* _EXERCISE AIM_
Could you write out exactly, and only, the lines from the one containing "Kit 2 Bicos Válvula Com Sensor 6539 Renegade Compass Toro Kit" through the last line of the data, leaving out all pictures?

* _MATERIAL FOR THIS EXERCISE_

==*==

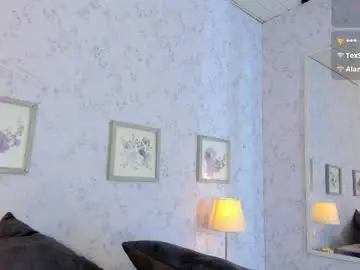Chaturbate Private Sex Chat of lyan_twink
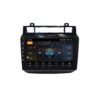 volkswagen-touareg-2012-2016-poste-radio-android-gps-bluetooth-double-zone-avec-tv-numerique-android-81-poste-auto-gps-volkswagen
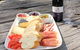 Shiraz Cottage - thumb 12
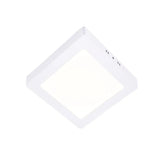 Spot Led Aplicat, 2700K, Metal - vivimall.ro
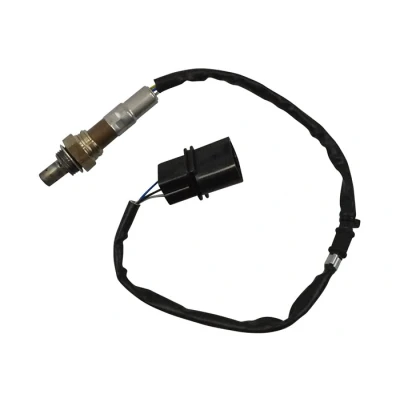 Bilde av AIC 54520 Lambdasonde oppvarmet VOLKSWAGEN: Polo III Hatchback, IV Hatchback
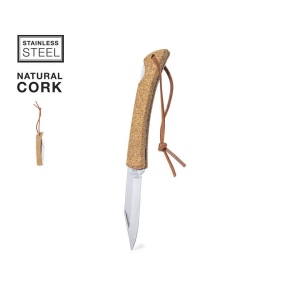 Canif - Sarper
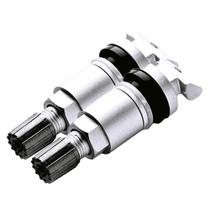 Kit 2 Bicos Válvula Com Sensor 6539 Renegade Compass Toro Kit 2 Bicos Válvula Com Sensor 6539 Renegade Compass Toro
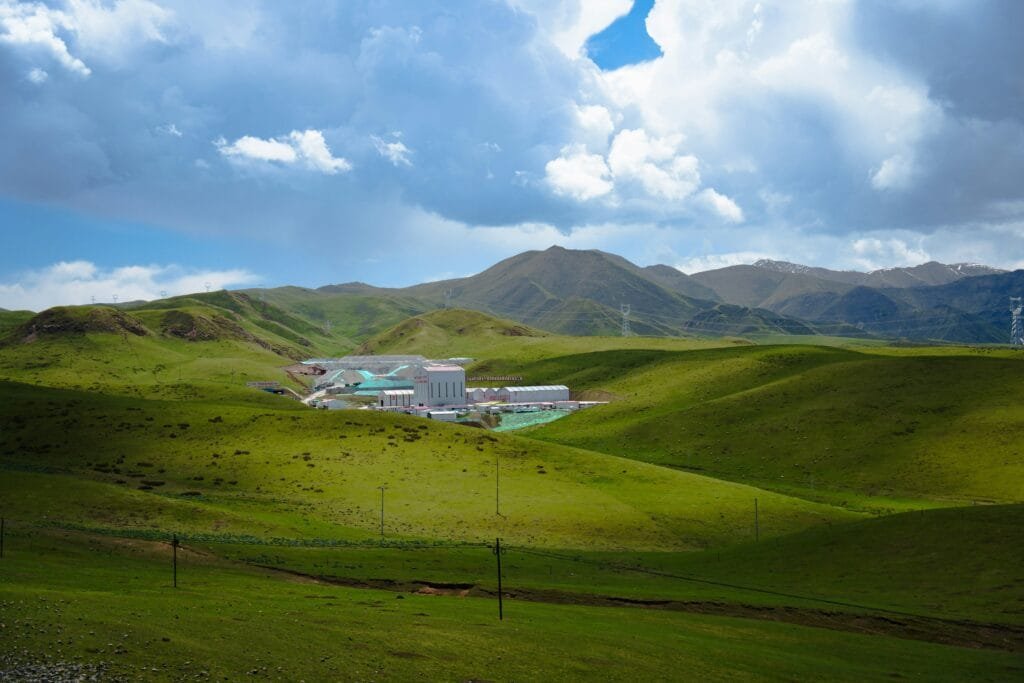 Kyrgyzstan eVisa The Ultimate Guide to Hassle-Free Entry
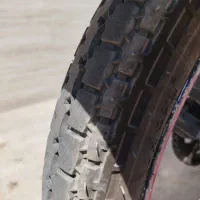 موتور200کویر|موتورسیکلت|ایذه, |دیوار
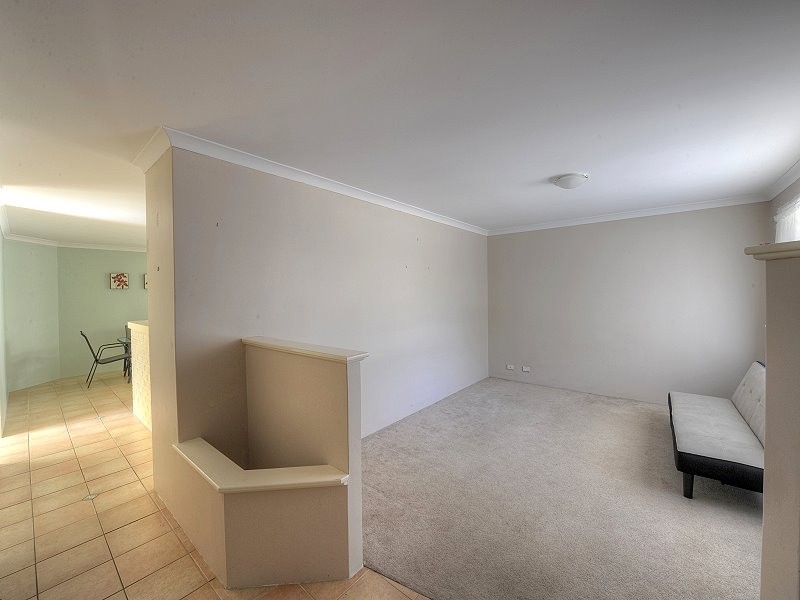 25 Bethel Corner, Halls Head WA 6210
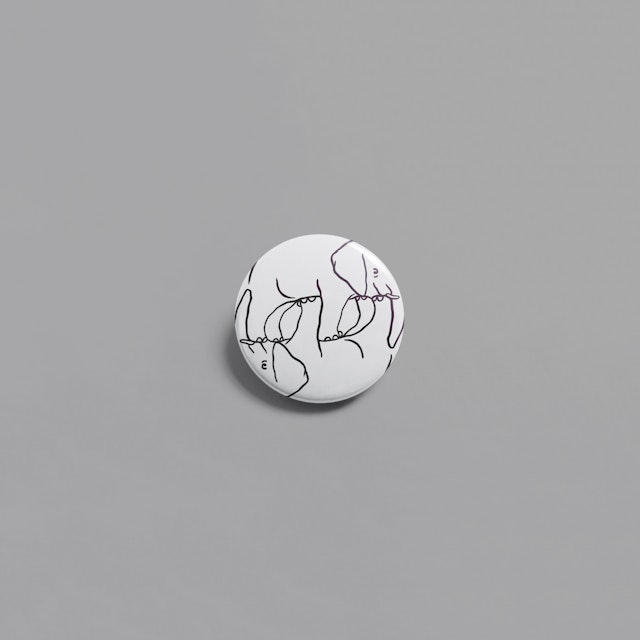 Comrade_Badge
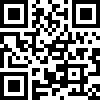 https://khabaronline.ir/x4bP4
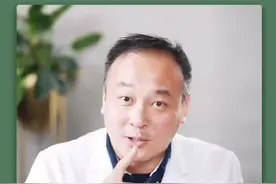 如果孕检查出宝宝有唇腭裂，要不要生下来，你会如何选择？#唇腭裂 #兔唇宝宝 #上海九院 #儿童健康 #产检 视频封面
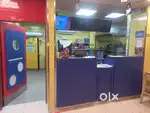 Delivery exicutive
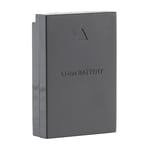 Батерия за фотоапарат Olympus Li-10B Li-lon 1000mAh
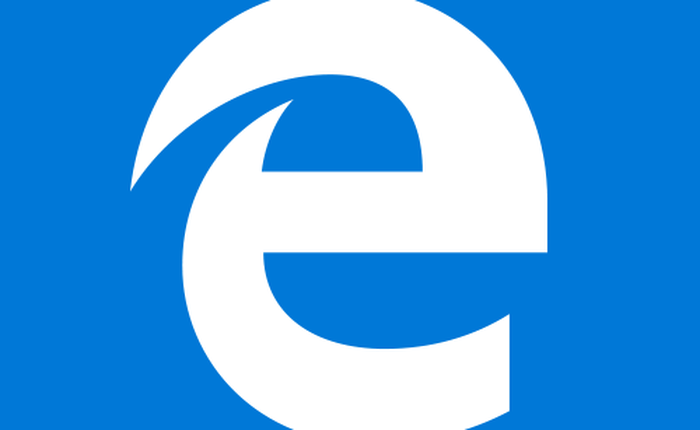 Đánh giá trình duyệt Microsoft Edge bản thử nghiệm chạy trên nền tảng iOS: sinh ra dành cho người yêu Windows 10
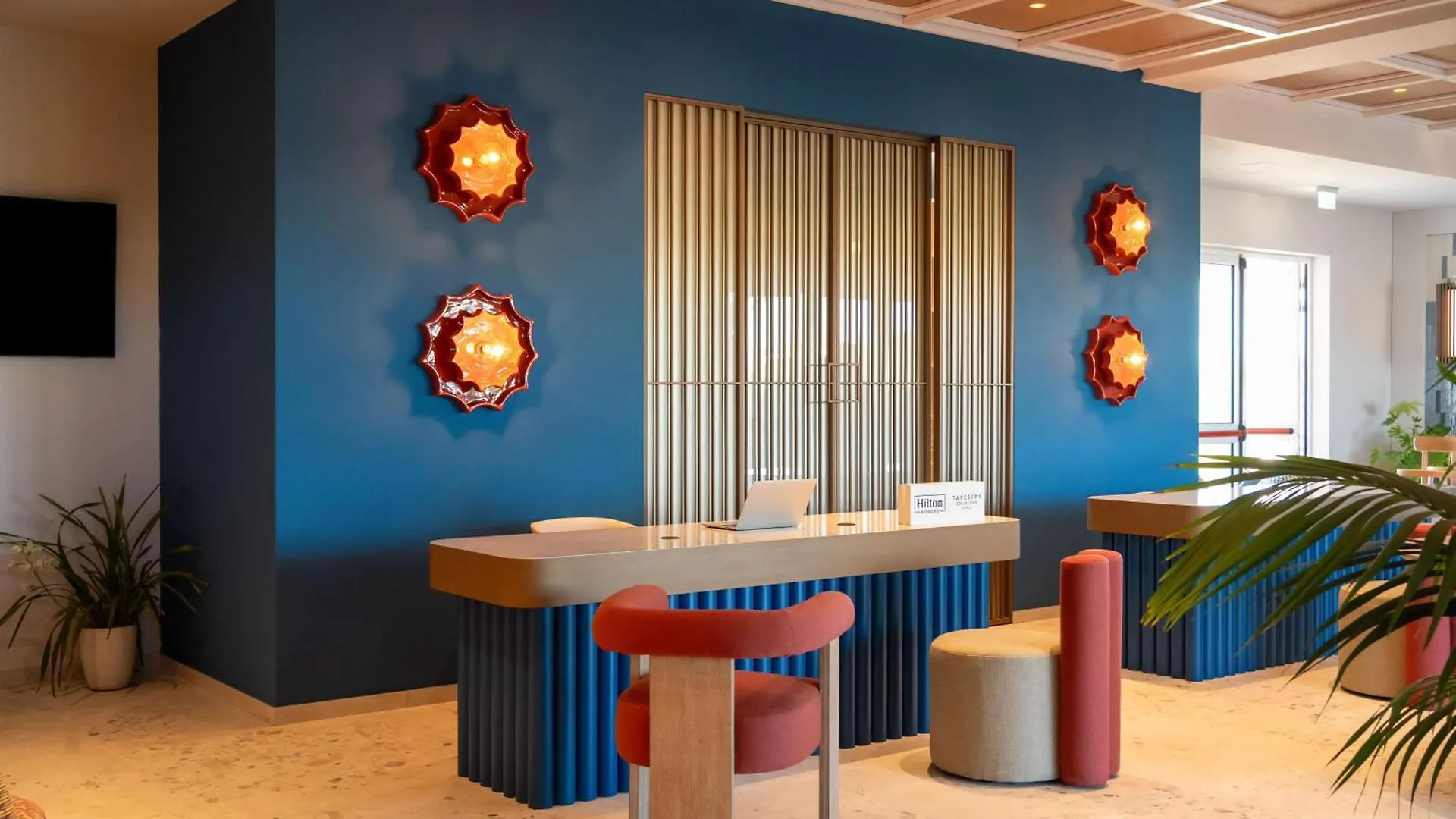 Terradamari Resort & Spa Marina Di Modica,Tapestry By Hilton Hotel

==*==

* _ANSWER BOX_
 Kit 2 Bicos Válvula Com Sensor 6539 Renegade Compass Toro Kit 2 Bicos Válvula Com Sensor 6539 Renegade Compass Toro
 Kyrgyzstan eVisa The Ultimate Guide to Hassle-Free Entry
 موتور200کویر|موتورسیکلت|ایذه, |دیوار
 25 Bethel Corner, Halls Head WA 6210
 Comrade_Badge
 https://khabaronline.ir/x4bP4
 如果孕检查出宝宝有唇腭裂，要不要生下来，你会如何选择？#唇腭裂 #兔唇宝宝 #上海九院 #儿童健康 #产检 视频封面
 Delivery exicutive
 Батерия за фотоапарат Olympus Li-10B Li-lon 1000mAh
 Đánh giá trình duyệt Microsoft Edge bản thử nghiệm chạy trên nền tảng iOS: sinh ra dành cho người yêu Windows 10
 Terradamari Resort & Spa Marina Di Modica,Tapestry By Hilton Hotel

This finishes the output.